The class, which meets three days a week for four months, averages five students per session. During this time, students learn general baking and cooking skills from volunteer instructors, some of whom are graduates of the program. The students also receive financial and job readiness training on top of their kitchen skills.
“We try to do a lot of self-sufficiency workshops,” Biddle said. “It’s not just, ‘We taught you how to bake, now go get a job.’”
Texas Pie Kitchen also helps with job placement for those who pass the course, boasting an 88 percent job placement rate thus far, according to Biddle.
Lerrick Martin was one of the first students and has stayed with the program as a baking manager and job trainer.

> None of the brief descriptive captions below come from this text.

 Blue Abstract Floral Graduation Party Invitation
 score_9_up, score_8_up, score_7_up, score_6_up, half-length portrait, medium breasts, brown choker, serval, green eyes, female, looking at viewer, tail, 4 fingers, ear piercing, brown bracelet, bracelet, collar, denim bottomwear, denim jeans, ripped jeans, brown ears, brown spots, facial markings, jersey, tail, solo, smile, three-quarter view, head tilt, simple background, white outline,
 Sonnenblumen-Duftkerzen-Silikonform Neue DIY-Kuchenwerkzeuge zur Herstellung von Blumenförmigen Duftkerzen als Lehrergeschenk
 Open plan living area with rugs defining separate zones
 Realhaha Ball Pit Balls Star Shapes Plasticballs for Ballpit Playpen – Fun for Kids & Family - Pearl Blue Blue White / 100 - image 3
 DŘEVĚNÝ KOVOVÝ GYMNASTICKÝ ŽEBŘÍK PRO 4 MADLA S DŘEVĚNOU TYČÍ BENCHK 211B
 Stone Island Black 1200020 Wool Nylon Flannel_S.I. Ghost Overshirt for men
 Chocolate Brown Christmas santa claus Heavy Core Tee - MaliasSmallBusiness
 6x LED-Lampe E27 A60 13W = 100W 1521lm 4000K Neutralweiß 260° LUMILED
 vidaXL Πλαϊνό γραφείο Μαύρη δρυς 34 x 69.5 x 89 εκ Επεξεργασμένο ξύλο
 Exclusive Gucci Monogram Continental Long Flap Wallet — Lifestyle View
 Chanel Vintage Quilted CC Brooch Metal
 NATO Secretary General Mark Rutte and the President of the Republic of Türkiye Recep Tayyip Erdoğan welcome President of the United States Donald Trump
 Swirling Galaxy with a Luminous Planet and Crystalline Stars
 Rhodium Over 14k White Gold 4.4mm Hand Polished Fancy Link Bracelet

Martin also works part time as a kitchen assistant for Front Steps, an organization that helps the Austin Resource Center for the Homeless, which donates the kitchen for the Texas Pie Kitchen.
“It’s been an interesting experience,” Martin said. “The different people coming through and experiencing the same type of enjoyment that I had towards the program—you get to see people’s passion for [baking].”
One of these students was Chad Scott. Scott has always had a passion for cooking, but could not find the right fit, he said. After going through the program at Texas Pie Kitchen, Scott landed a job as cook at The Alamo Drafthouse on South Lamar Boulevard.
“[Texas Pie Kitchen] gave me a really good, solid education,” Scott said. “They provided me with a lot of tools, a lot of skills, especially teamwork.”
Biddle loves seeing graduates get jobs in the food industry, she said.
“I was floored by how quickly it happens. They do all that hard work, and it pays off so quickly,” Biddle said.